Officials: U.S. Seeks Indefinite U.N. Arms Embargo on Iran

UNITED NATIONS (AP) —
The empty chair of Iran’s Ambassador to the International Atomic Energy Agency in Vienna, Austria, on March, 2020. (AP Photo/Ronald Zak/File)

The United States has circulated a draft U.N. resolution that would indefinitely extend a U.N. arms embargo on Iran set to expire in October, a move almost certain to spark opposition from Russia, which has made no secret of its desire to resume conventional weapons sales to Tehran, U.S. officials and U.N. diplomats said Tuesday.

The draft document, which as of Tuesday had been circulated only to a small number of Security Council members, would strike the expiration of the arms embargo from the council resolution that endorsed the 2015 nuclear deal between six major powers and Iran, according to Trump administration officials and U.N. diplomats, who were not authorized to discuss the matter publicly and spoke on condition of anonymity.

The U.S. officials said the aim is to present the resolution for a vote in May when Estonia, a NATO member and close U.S. ally that is not party to the nuclear deal, holds the rotating presidency of the Security Council.

The arms embargo was not a part of the landmark 2015 accord, but Iran has long sought its removal, and its expiration was included in the council resolution as a reward for Iranian compliance with the agreement’s nuclear restrictions. Since Iran is admittedly no longer complying with several elements of the nuclear deal, according to the International Atomic Energy Agency, the administration believes it has a case to make that the embargo should not be lifted, the officials said.

Still, any attempt to extend the embargo will likely face stiff opposition from Russia and China, two veto-wielding permanent members of the Security Council who have argued it should be removed and want to resume arms sales to Iran. Russia has been more outspoken on the matter and has derided U.S. attempts to bring the matter up for discussion, criticizing President Donald Trump for withdrawing the U.S. from the nuclear deal in 2018 and re-imposing tough American sanctions on Iran.

Despite that opposition, which is almost certain to see the American effort fail, the U.S. officials said the administration is not planning at this point to raise the controversial matter of “snapback” – or restoring all U.N. sanctions against Iran that had been lifted or eased under the terms of the 2015 deal.

Although the administration pulled out from the deal two years ago, the U.S. maintains that it retains the right to invoke a sanctions snapback that the deal envisaged in the event of “significant non-performance” by Iran.

That position rests on a novel State Department legal argument that was first presented in December and asserts that although the U.S. is no longer in the nuclear deal, it remains an original “participant” under the terms of the Security Council resolution that enshrined it.
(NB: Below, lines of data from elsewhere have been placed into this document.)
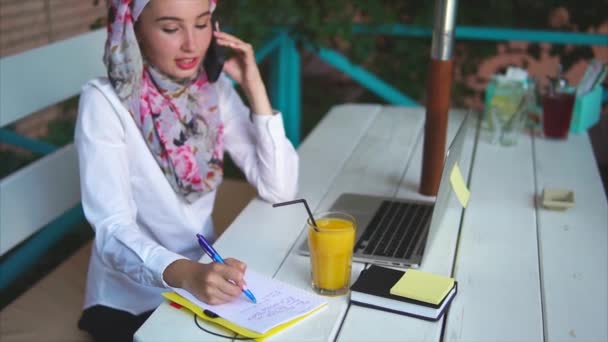 Una mujer musulmana hace una llamada importante en el teléfono móvil toma notas en un cuaderno — Vídeos de Stock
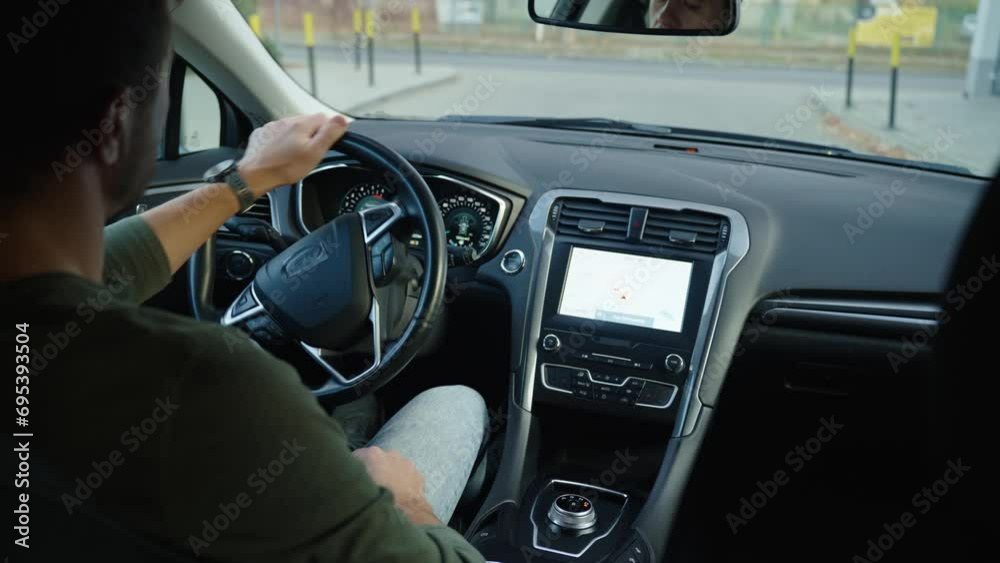 Male driver driving car, inside view. Rear view of man drives out of parking lot onto street, opens barrier with remote control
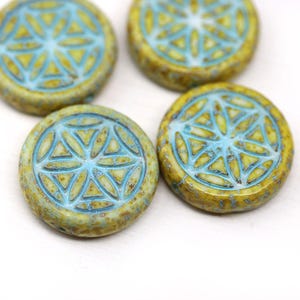 May include: Four round, flat beads with a light blue geometric design on a yellow-green background. The beads have a slightly textured appearance and are arranged against a white background.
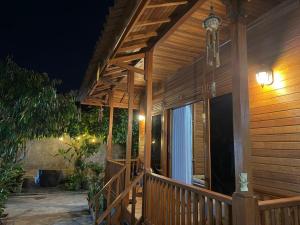 a wooden porch of a house at night at Pondok Nisya in Sawan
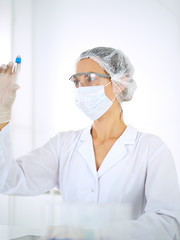 Professional female scientist in protective eyeglasses researching tube with reagents in laboratory. Concepts of medicine and research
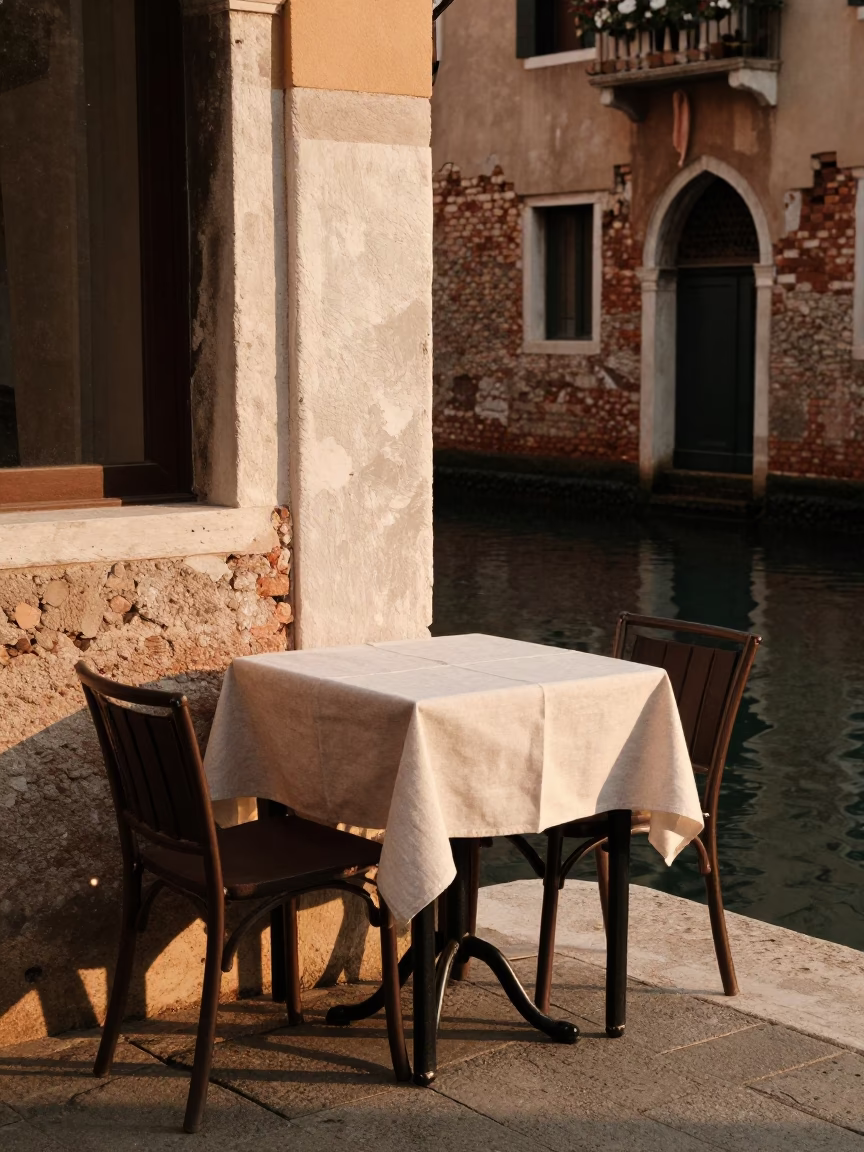 Venice Italy Golden Hour Canal Scene with Local Cafe Table and Linen Napkin in in Venice, Italy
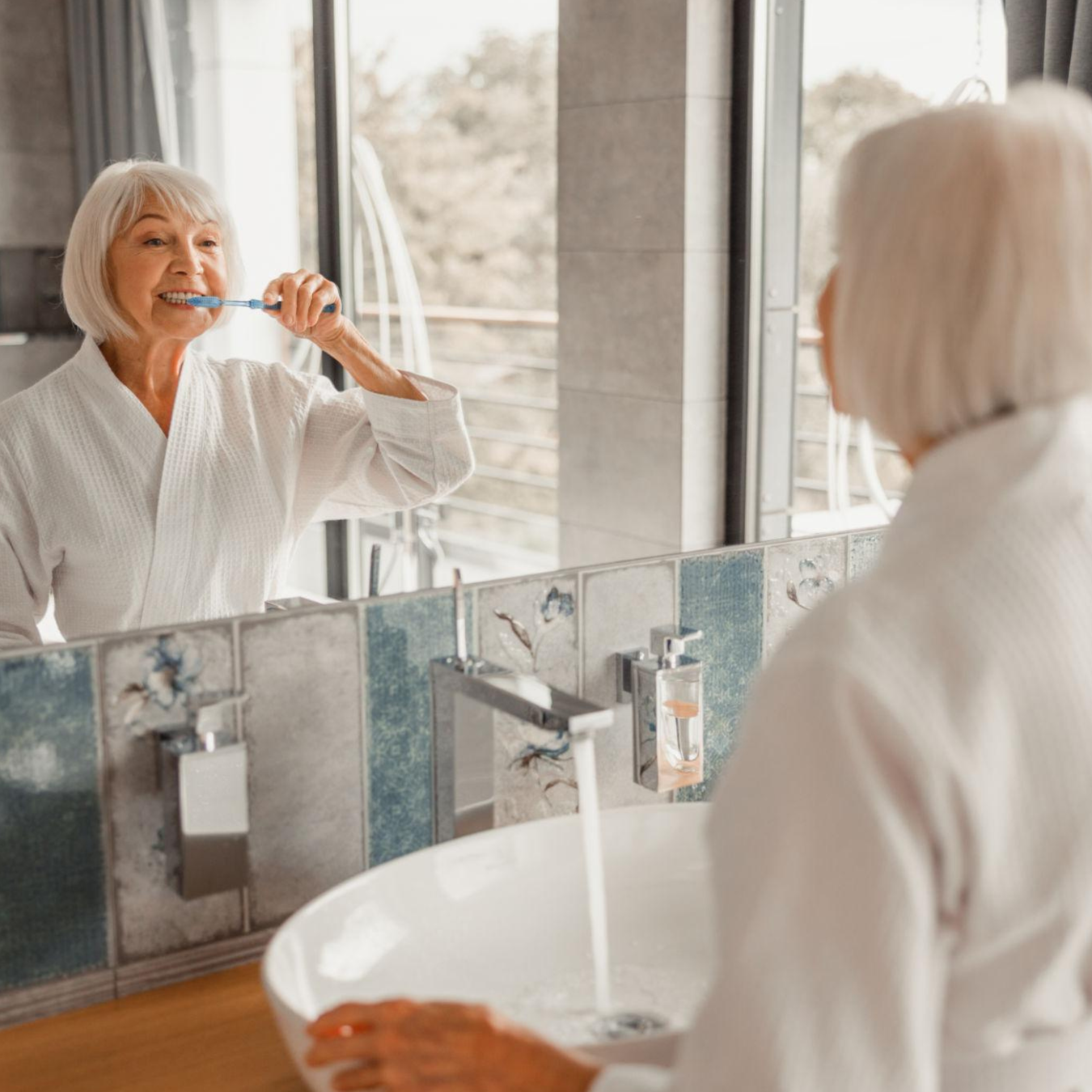 Woman brushing teeth in mirror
That resolution does, in fact, list the parties to the 2015 agreement by name, but numerous diplomats have said the American argument is specious because the Trump administration has made such a point about no longer participating in the deal.

The U.S. risks sparking a diplomatic war and throwing the already damaged credibility of the Security Council into further jeopardy should it decide to invoke snapback, because it is unlikely that either the Chinese or the Russians, and possibly other members, would go along with the re-imposition of U.N. sanctions or enforce them.

The Chinese, Russians and many other council members have lamented the impact that the unilateral U.S. sanctions have had on Iran, crippling its oil exports and badly damaging its economy.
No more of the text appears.